Nebraska Game and Parks Commission and U.S. Fish and Wildlife Service crews load rotenone into boats during a renovation of Pelican Lake.

Why we did it

The goal of this multi-year project at Valentine National Wildlife Refuge was to limit fish passage and control high densities of carp at Watts, Hackberry, Dewey, Whitewater, Clear, Willow and Pelican lakes. 

How we did it

Work began in 2015 to create control structures, berm improvements, fish barriers and dredging at each of the individual lakes. This process, which lasted through 2016, also included channel clean-out between the lakes.

After the physical construction, rotenone treatments at each of the lakes began in 2018. Nebraska Game and Parks salvaged game fish and transferred them to other public waters prior to the treatments and removed certain length limits for anglers.

Watts was renovated in 2015; Pelican, School and Whitewater lakes were renovated in 2018; Hackberry and Willow in 2021; Dewey, Clear and McKeel fish renovations are in the planning stages.

What benefits from these changes

Managing carp migration and removing them from Valentine National Wildlife Refuge’s waters paves the way for an enhanced fishery.
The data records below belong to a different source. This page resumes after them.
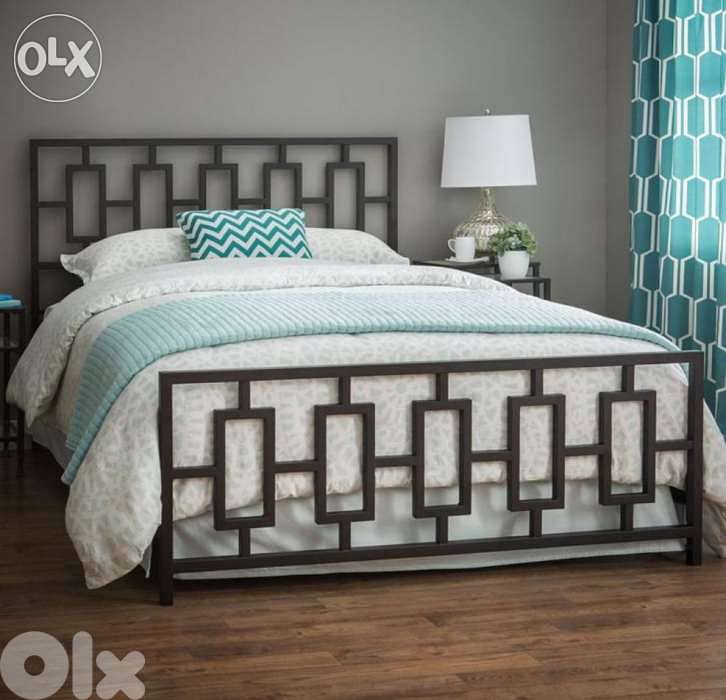 Classic Bed Room غرف نوم كاملة حديد - غرفة العمر 3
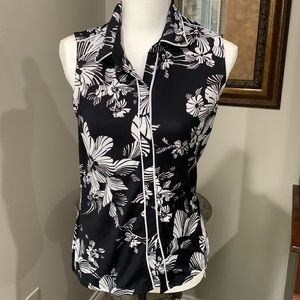 Women’s Golf Style Sleeveless Tee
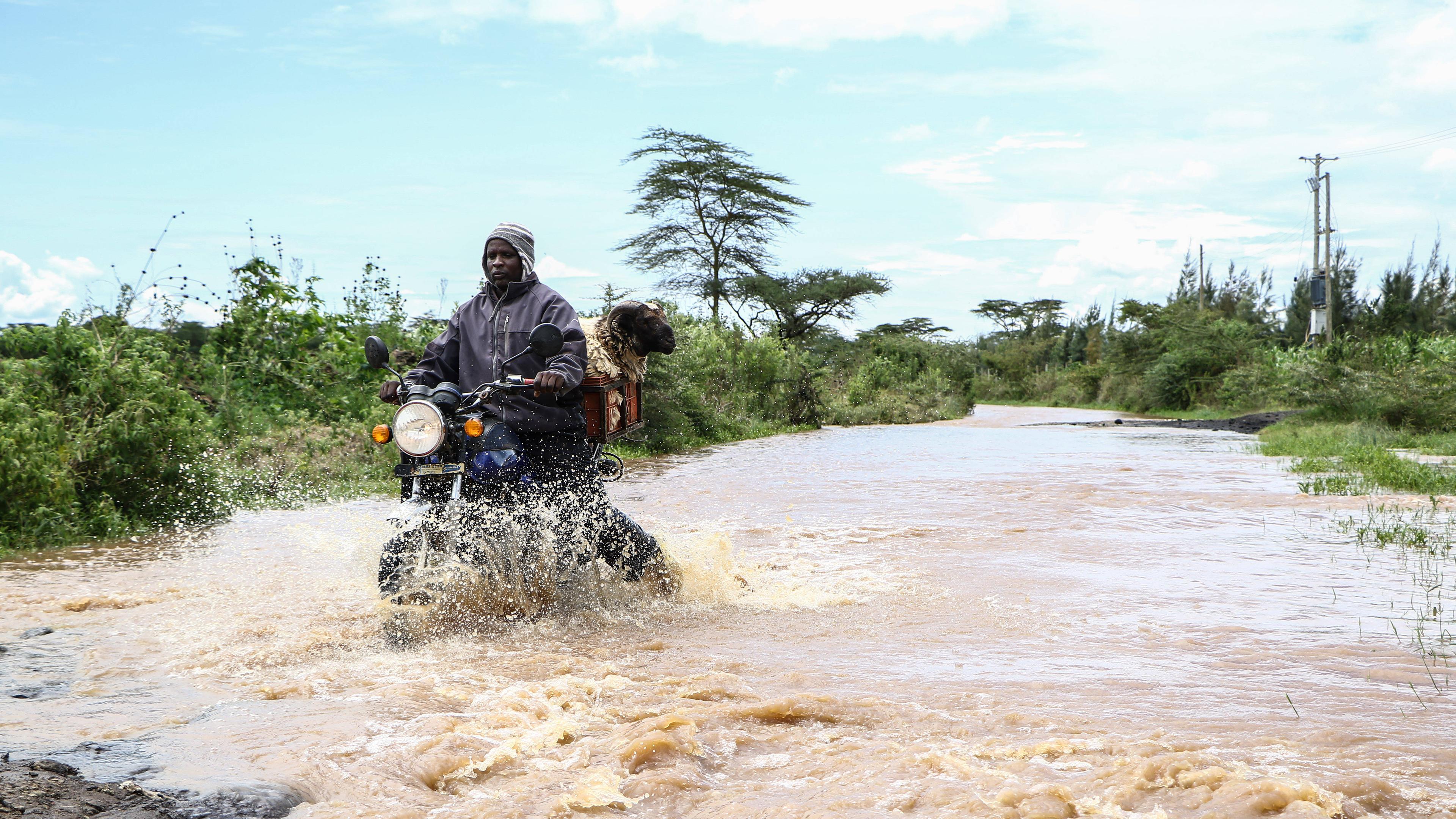 : Ein Mann fährt mit seinem Motorrad auf einer überschwemmten Straße in Rongai im Bezirk Nakuru, nachdem die zunehmenden Regenfälle in Kenia mehr als 200 Menschenleben gefordert und viel Eigentum zerstört haben.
This complements several recent improvements to the refuge’s nine public fishing lakes, including roads and angler and boater access.

Project partners

  • U.S. Fish and Wildlife Service

The Aquatic Habitat Program

The Aquatic Habitat Program was created in 1997 and was the first program of its kind in the nation. Since then 100s of waterbodies across the state — everything from lakes to streams to rivers to ponds — have been renovated, improving aquatic life and water quality for Nebraskans.